As an example- When a toilet is flushed, and there is scientific evidence to back this, a plume of microscopic droplets- an aerosol– erupts from the water. These droplets carry microbes and virus particles, which then settle on surfaces around the commode facilitating the “surface to hand to mouth” vector of infection. Modern plumbing does its best to minimize this bioaerosol in the house, but routine antimicrobial maintenance with bleach and other chemicals is necessary to sterilize the potential infections which might otherwise occur.
CSO Outfall BB-026, Dutch Kills – photo by Mitch Waxman
Of course, these cleaning chemicals- along with non neutralized microbes- end up in the wastewater flow, and make their way into the sewers… just like the petroleum products, volatile organic chemicals, and everything else that the human hive produces… where they swirl about beneath the streets and follow gravity to low lying areas. A properly designed system intercepts these waters, but in the case of a “CSO”, a lot of the poison makes it into the mud.
CSO Outfall BB-026, Dutch Kills – photo by Mitch Waxman
A classic example of a bacterium whose spread is defined by such aerosol dissemination is Legionella, but heavy metals and other contaminants may also find a pathway into the human body via such aerosols (let’s just call it vapor or fog). Additionally, fibers of toxic manmade substances- Asbestos for instance- are left behind during evaporation.

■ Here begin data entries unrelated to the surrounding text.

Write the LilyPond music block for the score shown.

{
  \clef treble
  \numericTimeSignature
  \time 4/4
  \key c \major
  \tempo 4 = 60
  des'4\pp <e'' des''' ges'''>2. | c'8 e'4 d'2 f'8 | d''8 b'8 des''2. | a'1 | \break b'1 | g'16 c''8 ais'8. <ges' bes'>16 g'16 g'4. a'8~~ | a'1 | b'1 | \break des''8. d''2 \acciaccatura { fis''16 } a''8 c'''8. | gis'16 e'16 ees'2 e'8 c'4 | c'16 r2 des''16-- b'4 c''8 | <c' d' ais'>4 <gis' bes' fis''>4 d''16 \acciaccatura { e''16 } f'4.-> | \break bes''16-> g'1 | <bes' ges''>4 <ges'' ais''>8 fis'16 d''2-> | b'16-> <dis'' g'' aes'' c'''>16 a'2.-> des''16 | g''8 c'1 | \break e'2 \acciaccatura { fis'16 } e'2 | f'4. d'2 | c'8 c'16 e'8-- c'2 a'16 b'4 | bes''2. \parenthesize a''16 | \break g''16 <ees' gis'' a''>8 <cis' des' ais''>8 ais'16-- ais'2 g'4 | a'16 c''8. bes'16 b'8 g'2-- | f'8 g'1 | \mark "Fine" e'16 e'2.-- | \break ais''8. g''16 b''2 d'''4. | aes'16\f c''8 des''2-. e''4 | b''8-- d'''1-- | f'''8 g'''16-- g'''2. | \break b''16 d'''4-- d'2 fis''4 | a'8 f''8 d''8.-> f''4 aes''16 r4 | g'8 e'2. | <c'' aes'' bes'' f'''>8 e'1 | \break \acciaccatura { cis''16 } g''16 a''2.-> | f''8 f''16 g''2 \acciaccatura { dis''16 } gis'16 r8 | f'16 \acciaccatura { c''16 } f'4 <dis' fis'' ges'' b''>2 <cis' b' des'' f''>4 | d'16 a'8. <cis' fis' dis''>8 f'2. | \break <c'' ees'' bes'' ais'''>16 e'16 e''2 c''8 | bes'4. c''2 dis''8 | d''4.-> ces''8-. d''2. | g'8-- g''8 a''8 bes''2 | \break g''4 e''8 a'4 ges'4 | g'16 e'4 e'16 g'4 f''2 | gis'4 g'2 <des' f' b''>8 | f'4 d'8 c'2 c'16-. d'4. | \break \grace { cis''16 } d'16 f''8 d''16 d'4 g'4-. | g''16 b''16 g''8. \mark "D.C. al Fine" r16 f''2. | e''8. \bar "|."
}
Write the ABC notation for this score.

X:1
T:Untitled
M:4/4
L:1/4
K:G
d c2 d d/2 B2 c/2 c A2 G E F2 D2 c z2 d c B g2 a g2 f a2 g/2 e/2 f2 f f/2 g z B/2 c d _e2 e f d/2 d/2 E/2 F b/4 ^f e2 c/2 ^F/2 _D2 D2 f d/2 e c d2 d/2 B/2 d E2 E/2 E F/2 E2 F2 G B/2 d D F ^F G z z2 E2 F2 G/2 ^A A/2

Such deposits are then picked up on the wind, as are the dusty remains of the putrescent particulates which escape treatment by wastewater industries like the Newtown Creek Wastewater Treatment plant in Greenpoint or the Bowery Bay facility in Astoria.
During heavy rain events, some untreated sewage reaches the rivers, but a large percentage of it- the lion’s share- oozes out from the bulkheads of that assassination of joy called the Newtown Creek.
CSO Outfall NCB-632 – photo by Mitch Waxman
The Newtown Creek and its tributaries are indeed waterways, but no one ever discusses this plume of disease and contamination in the air. Fingers are pointed at certain chimneys and infamous underground lakes of petroleum and chemicals, heated discussions of when it might be safe to kayak or swim in the water are offered by interested parties, and odd admissions that there are some who actually fish in and consume the catch from these waters (which according to the EPA, are offering this catch for sale in area restaurants) both shock and titillate area wags- but what about the miasmas?
CSO Outfall NCB-632 – photo by Mitch Waxman
The sewer system of New York City is a composite beast, marrying together the municipal infrastructure of multiple communities into a single system. The cities of Brooklyn, Queens, and Manhattan (the historically agrarian and until modernity- lightly populated – Bronx has almost always been ruled over by Manhattan) each had their own standard, staring elevation, and set of regulations governing the sewers.
This NYTimes.com article from 2008 discusses recent attempts to consolidate and digitize the municipal record, and make sense out of the byzantine network of pipes which underlie the city.
CSO Outfall NCB-632 – photo by Mitch Waxman
Who can guess, all there is, that might be buried down there?
Who can speculate, all there is, which might be wafting out from these deep channels of filth and what strange aerosols are carried upon the gentle breeze- here in the Newtown Pentacle?